Hi, I’m Andrew Clark and I work at the Office for National Statistics in the UK.

We publish lots of infographics and I wonder if this of the circular flow of the economy (showing where ONS publications fit) would be of interest for UK_economy

FYI, the full gallery, updated weekly, is here <>

All the best

Andrew Clark (smanders1982) 10 Dec 2013

Smanders1982 (talk) 13:52, 10 December 2013 (UTC)

Public Debt[edit]

I wanted to know how is possible to have a so huge difference between the percentage of GDP's Public Debt from the Office for National Statistics (75,4%) and in other part the percentage given by CIA Factbook (more than 90%) the International Monetary Fund (also more than 90%). (talk) 10:36, 4 February 2014 (UTC)

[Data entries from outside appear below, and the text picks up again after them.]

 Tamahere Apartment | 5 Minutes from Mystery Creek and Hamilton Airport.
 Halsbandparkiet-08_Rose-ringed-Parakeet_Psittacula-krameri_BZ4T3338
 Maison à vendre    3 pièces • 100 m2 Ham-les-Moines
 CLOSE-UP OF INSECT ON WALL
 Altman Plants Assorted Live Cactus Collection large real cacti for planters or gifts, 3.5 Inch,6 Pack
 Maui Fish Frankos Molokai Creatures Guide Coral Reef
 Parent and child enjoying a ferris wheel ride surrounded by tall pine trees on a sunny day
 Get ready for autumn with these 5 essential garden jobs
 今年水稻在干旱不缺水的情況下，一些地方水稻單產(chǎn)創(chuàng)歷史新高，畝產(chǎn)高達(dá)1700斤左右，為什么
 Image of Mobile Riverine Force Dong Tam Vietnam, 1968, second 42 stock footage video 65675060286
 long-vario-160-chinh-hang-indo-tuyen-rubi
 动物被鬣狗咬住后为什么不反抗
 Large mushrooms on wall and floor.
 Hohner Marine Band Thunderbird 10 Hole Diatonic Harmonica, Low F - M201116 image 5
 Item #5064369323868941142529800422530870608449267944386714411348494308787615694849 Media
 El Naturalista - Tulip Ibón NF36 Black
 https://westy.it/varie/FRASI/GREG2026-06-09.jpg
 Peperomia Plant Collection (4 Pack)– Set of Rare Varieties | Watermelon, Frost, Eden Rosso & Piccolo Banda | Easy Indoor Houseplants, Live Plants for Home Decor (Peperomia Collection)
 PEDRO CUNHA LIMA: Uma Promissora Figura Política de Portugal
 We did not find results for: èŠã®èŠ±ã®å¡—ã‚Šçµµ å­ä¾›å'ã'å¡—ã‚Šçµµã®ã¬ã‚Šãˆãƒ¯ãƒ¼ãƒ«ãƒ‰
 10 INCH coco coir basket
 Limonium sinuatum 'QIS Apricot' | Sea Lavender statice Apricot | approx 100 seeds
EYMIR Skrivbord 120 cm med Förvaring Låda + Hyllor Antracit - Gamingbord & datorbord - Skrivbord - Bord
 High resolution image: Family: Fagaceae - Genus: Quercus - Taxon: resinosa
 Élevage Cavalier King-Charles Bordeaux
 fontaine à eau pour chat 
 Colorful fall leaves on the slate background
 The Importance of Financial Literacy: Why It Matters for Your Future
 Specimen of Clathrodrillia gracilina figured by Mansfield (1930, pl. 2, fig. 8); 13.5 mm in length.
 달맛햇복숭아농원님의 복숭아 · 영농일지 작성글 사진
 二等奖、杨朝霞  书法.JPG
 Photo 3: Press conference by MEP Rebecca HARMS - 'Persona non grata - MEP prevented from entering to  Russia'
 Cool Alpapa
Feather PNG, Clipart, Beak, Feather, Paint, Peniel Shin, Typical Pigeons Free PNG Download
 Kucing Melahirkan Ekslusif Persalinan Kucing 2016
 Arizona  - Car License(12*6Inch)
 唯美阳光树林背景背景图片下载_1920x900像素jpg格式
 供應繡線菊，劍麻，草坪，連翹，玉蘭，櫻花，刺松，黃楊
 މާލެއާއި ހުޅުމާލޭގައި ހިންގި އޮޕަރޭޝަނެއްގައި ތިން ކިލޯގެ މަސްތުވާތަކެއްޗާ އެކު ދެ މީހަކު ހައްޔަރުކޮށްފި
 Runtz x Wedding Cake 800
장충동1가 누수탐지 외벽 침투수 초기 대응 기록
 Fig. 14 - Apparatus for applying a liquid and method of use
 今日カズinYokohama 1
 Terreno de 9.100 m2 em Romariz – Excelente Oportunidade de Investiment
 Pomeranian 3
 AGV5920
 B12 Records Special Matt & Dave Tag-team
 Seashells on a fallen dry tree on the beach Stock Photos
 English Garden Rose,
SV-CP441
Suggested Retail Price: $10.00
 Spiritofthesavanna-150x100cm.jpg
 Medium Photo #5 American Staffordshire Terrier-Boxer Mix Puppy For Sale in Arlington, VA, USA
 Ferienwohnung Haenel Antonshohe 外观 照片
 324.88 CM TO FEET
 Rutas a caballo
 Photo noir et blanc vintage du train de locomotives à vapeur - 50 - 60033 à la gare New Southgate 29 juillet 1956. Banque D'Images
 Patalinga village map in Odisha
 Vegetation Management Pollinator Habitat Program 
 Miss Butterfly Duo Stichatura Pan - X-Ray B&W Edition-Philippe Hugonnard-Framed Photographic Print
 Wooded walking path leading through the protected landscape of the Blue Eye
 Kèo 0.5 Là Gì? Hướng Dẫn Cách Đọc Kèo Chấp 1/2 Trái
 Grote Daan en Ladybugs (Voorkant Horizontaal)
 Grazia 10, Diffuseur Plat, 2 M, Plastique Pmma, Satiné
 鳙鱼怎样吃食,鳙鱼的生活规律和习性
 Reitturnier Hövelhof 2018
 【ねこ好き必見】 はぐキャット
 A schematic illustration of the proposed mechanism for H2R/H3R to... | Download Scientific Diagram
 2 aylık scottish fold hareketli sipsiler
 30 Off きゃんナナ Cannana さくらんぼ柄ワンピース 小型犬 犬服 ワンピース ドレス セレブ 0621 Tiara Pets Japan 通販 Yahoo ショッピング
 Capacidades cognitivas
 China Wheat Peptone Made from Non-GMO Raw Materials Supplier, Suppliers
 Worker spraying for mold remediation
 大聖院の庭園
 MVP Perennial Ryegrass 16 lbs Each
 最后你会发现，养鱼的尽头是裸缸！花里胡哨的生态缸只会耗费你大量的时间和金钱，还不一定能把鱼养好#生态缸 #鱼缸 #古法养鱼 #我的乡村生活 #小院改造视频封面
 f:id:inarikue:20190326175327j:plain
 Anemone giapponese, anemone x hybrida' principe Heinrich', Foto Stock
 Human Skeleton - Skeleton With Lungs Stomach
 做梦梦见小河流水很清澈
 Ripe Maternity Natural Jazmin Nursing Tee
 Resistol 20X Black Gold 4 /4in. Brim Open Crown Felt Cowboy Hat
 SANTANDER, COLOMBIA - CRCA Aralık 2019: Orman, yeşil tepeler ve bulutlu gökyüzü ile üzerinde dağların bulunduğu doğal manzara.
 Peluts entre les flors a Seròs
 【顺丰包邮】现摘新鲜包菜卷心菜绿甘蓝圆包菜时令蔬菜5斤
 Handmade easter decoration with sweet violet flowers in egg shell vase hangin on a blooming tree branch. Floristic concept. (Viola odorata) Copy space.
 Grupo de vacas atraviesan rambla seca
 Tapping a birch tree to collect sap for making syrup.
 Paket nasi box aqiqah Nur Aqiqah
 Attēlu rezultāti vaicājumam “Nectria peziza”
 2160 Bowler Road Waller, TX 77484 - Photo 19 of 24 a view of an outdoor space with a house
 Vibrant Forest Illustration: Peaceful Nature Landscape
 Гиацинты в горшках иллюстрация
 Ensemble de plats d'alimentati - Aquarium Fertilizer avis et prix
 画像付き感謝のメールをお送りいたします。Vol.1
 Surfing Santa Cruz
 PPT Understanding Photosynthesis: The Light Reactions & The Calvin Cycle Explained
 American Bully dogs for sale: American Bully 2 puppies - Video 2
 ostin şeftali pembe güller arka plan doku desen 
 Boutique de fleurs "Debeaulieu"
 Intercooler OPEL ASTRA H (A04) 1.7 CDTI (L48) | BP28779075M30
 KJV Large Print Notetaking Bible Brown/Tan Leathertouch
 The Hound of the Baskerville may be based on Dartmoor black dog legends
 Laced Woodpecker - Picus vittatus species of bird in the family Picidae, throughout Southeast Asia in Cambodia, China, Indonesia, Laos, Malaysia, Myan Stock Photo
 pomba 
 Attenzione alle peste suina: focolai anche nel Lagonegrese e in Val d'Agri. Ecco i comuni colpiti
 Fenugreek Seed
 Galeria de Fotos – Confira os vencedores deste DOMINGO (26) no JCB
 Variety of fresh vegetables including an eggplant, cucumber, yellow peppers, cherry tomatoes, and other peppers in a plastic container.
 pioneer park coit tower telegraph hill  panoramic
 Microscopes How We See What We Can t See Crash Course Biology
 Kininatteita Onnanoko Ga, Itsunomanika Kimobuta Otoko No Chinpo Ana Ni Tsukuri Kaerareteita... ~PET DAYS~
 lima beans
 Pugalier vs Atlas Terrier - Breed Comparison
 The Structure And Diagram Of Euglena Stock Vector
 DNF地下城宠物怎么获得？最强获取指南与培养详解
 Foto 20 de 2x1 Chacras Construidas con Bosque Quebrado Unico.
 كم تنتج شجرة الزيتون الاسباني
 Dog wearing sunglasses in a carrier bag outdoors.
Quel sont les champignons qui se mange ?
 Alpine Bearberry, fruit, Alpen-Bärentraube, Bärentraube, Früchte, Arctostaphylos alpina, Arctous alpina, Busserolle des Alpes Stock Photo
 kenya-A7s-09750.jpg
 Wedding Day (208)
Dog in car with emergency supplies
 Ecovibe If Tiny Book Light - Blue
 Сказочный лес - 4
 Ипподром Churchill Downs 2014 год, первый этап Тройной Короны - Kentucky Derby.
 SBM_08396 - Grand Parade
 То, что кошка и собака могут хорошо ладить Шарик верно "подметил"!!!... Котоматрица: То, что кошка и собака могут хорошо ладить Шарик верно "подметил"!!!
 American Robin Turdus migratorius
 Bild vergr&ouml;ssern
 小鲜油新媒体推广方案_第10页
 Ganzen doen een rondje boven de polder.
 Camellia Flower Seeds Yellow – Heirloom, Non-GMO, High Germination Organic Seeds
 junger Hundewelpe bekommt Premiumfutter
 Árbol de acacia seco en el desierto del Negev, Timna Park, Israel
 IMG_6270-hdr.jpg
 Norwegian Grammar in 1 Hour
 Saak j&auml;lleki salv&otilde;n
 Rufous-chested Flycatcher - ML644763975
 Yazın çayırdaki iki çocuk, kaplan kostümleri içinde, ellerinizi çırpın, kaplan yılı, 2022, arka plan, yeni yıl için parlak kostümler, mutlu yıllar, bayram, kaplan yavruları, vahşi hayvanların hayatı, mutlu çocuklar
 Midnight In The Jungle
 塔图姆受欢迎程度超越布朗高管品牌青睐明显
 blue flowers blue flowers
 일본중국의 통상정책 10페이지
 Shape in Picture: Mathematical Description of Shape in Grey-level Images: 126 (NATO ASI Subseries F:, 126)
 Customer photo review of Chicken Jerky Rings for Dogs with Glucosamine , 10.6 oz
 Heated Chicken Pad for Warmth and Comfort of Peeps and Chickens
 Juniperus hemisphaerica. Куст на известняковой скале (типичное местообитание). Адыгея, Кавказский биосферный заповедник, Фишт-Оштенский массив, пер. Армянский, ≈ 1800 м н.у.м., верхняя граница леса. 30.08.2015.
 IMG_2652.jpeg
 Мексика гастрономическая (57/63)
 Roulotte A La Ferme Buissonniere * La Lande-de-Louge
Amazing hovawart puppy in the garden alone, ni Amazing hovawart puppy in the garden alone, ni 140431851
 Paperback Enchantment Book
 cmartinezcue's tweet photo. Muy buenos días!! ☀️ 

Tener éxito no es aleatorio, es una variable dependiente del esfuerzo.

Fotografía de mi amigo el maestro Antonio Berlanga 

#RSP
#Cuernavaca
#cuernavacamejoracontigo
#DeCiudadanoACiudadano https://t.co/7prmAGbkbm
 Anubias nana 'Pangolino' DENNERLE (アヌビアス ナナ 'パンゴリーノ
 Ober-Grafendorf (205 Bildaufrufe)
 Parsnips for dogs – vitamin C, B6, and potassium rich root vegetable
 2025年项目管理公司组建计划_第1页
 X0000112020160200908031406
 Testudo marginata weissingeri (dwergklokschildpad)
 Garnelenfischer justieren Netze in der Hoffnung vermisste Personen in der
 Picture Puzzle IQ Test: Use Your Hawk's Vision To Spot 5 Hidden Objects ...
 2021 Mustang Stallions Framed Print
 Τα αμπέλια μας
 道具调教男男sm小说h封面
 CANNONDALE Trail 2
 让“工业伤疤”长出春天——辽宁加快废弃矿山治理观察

I think it depends on whether you include financial sector interventions to rescue the banking sector into the public sector net debt figures - its a contingent liability you see and so arguably should not be included. I hope that answers your question. AdamFouracre (talk) 15:02, 6 June 2014 (UTC)
Agree with that, but do others countries do the same, per example the US, Germany or France ? Those three countries also had a massive financial sector interventions. If they don't, your contigent liability would create in fact a false discrepancy in term of debt comparaison between countries, isn't it ? (talk) 04:01, 27 October 2014 (UTC)
Oh dear, from the same [review of the Office for National Statistics] stating the 75,4%, if we include the temporary effects of financial interventions, the debt of UK arises to 132,1% (page 28 table 5), that was way worse than I thought. (talk) 07:02, 27 October 2014 (UTC)

export import[edit]

exports $813 billion and imports $782 billion are far larger than other ref on the web.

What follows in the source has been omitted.